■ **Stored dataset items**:
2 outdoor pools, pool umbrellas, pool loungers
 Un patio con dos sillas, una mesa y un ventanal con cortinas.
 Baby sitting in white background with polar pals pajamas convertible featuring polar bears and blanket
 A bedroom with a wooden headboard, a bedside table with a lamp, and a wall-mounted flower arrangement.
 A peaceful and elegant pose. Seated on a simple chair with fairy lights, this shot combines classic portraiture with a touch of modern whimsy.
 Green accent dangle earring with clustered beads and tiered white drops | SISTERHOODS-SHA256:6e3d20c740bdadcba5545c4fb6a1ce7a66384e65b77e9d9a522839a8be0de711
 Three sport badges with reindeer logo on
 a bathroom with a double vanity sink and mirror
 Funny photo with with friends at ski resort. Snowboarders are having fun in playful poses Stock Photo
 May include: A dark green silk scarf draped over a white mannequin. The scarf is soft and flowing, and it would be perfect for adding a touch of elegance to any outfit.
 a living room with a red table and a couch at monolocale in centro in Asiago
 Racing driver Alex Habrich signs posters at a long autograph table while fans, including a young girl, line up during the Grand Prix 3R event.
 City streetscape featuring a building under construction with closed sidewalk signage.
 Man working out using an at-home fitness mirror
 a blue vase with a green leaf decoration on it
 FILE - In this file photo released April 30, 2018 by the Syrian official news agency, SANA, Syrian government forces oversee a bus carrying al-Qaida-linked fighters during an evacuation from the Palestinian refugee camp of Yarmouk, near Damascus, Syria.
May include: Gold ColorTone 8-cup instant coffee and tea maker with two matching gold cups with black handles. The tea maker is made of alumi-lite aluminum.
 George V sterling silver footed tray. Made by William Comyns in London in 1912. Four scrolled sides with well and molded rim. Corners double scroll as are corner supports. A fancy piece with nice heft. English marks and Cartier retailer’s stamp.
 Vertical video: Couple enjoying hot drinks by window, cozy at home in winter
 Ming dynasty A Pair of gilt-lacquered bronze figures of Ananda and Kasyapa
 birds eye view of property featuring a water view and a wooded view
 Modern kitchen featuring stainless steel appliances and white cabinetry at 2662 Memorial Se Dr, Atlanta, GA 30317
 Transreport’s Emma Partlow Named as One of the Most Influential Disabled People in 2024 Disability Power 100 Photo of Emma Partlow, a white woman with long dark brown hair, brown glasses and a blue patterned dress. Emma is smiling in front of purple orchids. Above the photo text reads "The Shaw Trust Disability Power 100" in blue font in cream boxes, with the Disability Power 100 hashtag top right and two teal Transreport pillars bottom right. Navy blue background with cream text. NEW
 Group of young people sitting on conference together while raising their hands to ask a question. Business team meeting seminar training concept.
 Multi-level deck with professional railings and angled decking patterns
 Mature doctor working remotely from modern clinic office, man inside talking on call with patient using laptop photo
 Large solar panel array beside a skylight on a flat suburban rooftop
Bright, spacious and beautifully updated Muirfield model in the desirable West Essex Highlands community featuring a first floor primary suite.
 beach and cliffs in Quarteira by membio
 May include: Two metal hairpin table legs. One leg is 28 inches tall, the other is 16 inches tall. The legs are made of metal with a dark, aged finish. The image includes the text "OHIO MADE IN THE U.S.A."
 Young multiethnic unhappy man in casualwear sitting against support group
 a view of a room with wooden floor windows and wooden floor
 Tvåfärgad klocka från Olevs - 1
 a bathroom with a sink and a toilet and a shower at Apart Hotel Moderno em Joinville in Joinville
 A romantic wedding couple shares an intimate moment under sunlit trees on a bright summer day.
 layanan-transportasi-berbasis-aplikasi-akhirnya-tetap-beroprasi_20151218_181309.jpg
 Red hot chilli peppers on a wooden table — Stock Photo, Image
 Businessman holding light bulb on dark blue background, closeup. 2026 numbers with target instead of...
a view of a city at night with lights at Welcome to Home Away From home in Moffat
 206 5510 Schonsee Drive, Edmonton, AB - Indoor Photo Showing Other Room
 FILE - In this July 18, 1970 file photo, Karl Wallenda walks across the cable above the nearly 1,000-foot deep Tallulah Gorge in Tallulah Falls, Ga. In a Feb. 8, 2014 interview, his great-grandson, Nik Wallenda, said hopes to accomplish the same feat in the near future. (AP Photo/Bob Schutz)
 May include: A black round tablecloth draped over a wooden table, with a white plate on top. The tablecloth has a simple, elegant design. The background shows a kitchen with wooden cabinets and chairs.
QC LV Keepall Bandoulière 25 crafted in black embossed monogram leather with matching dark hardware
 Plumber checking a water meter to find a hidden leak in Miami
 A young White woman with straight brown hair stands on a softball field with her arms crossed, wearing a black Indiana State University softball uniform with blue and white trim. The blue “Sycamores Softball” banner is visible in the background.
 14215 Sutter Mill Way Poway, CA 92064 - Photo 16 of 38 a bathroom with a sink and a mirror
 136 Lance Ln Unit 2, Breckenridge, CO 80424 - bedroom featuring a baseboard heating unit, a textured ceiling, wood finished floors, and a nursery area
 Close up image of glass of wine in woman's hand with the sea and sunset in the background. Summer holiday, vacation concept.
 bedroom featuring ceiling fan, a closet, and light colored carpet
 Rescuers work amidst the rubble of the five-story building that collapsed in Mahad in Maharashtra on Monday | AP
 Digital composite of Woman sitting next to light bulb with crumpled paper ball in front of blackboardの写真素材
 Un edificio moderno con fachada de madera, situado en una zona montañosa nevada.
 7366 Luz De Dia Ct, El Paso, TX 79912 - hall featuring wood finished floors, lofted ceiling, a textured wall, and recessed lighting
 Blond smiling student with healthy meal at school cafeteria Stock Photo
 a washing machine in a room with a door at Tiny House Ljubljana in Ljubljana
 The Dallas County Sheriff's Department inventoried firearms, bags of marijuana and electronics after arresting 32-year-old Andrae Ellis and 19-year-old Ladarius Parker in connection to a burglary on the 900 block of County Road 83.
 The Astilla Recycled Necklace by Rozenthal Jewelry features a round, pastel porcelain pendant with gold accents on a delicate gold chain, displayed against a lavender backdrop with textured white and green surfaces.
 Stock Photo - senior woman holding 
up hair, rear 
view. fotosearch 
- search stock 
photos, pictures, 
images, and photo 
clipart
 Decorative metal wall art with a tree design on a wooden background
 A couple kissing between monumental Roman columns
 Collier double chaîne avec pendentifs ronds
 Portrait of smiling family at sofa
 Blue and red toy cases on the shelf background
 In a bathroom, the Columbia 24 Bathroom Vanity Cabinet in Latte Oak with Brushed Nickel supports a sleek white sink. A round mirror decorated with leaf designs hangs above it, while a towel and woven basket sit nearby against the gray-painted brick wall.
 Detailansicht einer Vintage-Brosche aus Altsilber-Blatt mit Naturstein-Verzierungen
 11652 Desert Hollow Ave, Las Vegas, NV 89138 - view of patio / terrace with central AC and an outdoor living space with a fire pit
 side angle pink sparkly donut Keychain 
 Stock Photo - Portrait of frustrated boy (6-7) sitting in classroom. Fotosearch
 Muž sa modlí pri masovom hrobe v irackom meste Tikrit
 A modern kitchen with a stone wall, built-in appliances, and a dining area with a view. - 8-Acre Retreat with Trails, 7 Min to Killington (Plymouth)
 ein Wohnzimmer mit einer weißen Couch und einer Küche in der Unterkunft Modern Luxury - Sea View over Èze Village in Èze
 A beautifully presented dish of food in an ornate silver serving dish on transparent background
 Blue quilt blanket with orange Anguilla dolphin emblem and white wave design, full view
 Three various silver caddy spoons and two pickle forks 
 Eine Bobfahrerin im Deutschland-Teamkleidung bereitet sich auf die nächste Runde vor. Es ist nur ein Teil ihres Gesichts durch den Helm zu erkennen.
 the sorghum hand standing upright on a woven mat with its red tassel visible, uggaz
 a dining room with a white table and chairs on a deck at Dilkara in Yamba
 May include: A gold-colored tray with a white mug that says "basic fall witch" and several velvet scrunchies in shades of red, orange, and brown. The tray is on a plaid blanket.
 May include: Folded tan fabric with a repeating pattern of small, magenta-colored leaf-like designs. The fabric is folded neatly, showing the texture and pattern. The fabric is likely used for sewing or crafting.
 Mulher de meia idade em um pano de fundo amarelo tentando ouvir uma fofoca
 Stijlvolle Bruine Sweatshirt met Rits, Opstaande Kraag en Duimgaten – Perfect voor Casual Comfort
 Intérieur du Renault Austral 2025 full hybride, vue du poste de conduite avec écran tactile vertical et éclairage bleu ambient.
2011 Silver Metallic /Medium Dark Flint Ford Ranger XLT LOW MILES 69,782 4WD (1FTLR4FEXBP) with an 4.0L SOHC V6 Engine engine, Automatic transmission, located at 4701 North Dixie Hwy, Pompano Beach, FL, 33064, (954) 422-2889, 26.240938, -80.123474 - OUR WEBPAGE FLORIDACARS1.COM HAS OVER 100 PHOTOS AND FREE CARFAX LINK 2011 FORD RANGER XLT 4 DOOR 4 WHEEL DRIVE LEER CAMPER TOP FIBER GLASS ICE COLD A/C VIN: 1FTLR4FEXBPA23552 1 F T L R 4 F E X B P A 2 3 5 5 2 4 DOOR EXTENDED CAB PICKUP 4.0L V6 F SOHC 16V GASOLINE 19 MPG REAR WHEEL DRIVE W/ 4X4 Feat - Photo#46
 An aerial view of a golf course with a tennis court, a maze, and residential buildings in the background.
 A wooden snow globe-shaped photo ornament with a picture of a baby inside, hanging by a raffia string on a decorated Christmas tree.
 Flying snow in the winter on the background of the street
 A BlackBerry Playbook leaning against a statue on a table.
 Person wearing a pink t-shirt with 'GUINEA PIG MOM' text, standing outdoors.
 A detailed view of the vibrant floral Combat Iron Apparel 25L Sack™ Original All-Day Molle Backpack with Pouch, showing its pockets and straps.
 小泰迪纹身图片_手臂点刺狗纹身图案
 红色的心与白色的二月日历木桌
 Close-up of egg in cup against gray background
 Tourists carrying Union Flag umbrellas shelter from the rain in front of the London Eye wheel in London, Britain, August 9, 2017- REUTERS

■ **Task prompt**: Begin at the first line of the records above and restate each line word for word, stopping after the line with "A peaceful and".

■ **Task result**:
2 outdoor pools, pool umbrellas, pool loungers
 Un patio con dos sillas, una mesa y un ventanal con cortinas.
 Baby sitting in white background with polar pals pajamas convertible featuring polar bears and blanket
 A bedroom with a wooden headboard, a bedside table with a lamp, and a wall-mounted flower arrangement.
 A peaceful and elegant pose. Seated on a simple chair with fairy lights, this shot combines classic portraiture with a touch of modern whimsy.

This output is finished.